Başını hiç alamıyor, savaştan savaşa koşuyordu genci, yaşlısı, çocuğu. Kimi ailelerin tarlayı sürecek, hayvanları güdecek genci kalmamıştı. Tarlalar çorağa dönmüş, sürüler tükenmişti. Biri Çanakkale diğeri Kurtuluş Savaşı olmak üzere son iki silkinişle yeni devletin ve Cumhuriyet’in kuruluşuyla ayağa kalktık. Yaklaşık bir 15 yıl toparlanıp dizlerimizin üstüne doğrulmuştuk ki İkinci Dünya Savaşı’nın barut kokusu yayıldı etrafa. Durakladık.

Ayrımcılık virüsü
O duraklamanın kızgınlığını birbirimizden çıkardık; son 65-70 yılımızı, içeri dönüp, birbirimizi yiyerek geçirdik. Grip gibi, her defasında değişen yapısıyla yeni bir ayrımcılık virüsü zerkediliyor, aklen ve bedenen halsiz düşene kadar birbirimizi kırışımız geliyordu arkasından. Bu halsizlikle dizlerimizin üzerinden, bir türlü ayağa kalkamıyorduk. Kalkamadığımız için yürüyemiyor, koşmayı hayal bile edemiyorduk. Oysa medeniyet, koşarak ilerleyen bir şey. Yakalamak için önce koşabilecek sağlığa ve güce sahip olmak gerekiyor.

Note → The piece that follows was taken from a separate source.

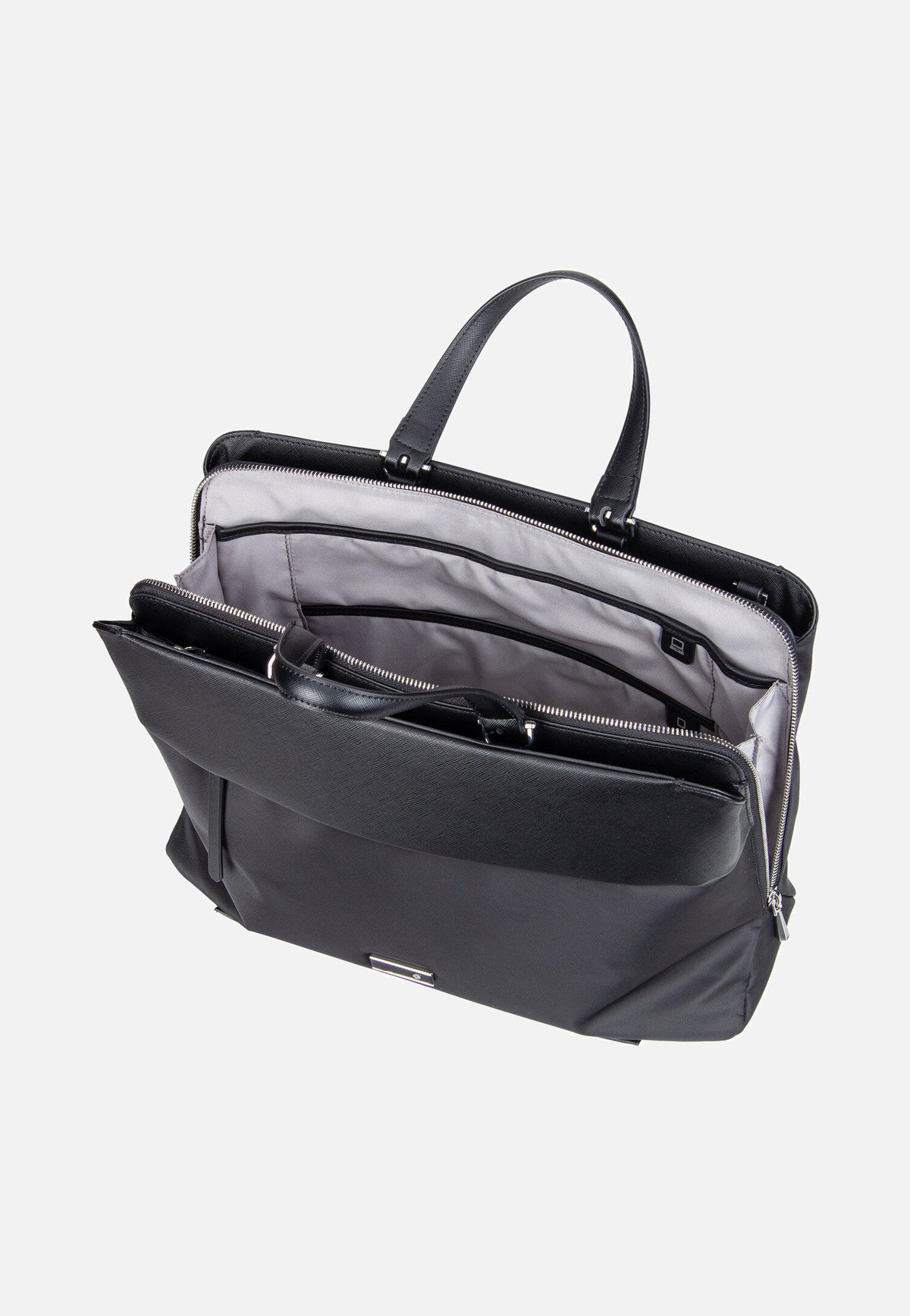 Samsonite Zalia 3.0 Bailhandle 3 Comp 14.1'' Black Aktentasche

1 buçuk aydır yeniden atılmaya başlayan silahlar, patlayan bombalar, yaratılmak istenen huzursuzluk, bizi sadece topyekün ayağa kalkmaktan alıkoyuyor. Ayağa kalkamayan, koşmayı hayal edebilir mi?

Dünyadan küs giden bebek
Ve geçen hafta Bodrum sahillerinden, umursamazlığının doruğundaki dünyanın altında kaldığı bir görüntü çakıldı insanlık hafızasına. Terk ederken bile adeta dünyaya küsmüş Aylan bebek, sırtını dönmüş, küçücük tabanlarıyla yüzümüze basıyordu. “Çocuk olamadan büyüklüğü yaşattınız, büyüyemeden şuncacık bedenimi sığdıramadınız koca dünyaya” diyordu. Sığamadı koca işkembelilerin dünyasına. İki avucun arası kadar Aylan bebek, haksızlığı bilirmiş gibi, küs gitti.

İkinci Dünya Savaşı’ndan sonra savaş meydanlarında, cephelerde yapılmıyor savaşlar. Kadın, çoluk çocuk gözetmeden, günlük hayatın, insanların içine kaydırıldı. ‘Terörizm’ sıfatıyla örtülen kalleşlikler çağını yaşıyoruz. Ve medeniyet olduğu iddiasındaki ülkeler, neredeyse insanı yeniden yapacak teknolojiye ulaştı ama ayrımcılık ve terörizm illetinin yayılmasından, kendilerine dokunmadığı sürece, hiçbir rahatsızlık duymuyor. Aylan bebeğin yüzlerine basmasından da duymayacaklar.

Otur oturduğun yerde
Etrafımıza, yeniden bir ateş çemberi kuruldu. Türkiye, hem ayağa kalkmaya hem bu çemberin içinden geçmeye çalışıyor. Ayağa kalkma konusunda kararlı, dizlerinde o kudreti hissediyor ama rakipler de boş durmuyor, bulunca fırsatını zehiri zerkediveriyor; ayrımcılık zehrini, “Otur oturduğun yerde” diyorlar.

Bir de bu çekişmelerle varolanlar var. Yangını çıkarıp, söndürmeye benzinle gidenler. Biz birbirimizi yerken bizimkini yiyenler. Dumanlı havada iş yürütmeyi sevenler. 70 yıl yetmedi mi ders almaya acaba? Dedelerimiz, ninelerimiz, aynı şehitliklerde, mezarlıklarda yatıyor. Kız aldık verdik, karı kocayı birbirine, çocuğunu, anasına babasına düşman mı edeceğiz? Olmayacak işin olmayacağı baştan belli, Aylan bebekten biraz uzun ömrümüzü, niye cehenneme çevirmeye yarışıyoruz acaba?

Böyle umursamaz medeniyeti de kardeşin kardeşi kırmasını da ne insanlığımıza ne de geçmişimize yakıştırırız. Bu ateş çemberinden de koşarak çıkabilir, bunu da hep beraber yapabiliriz ancak.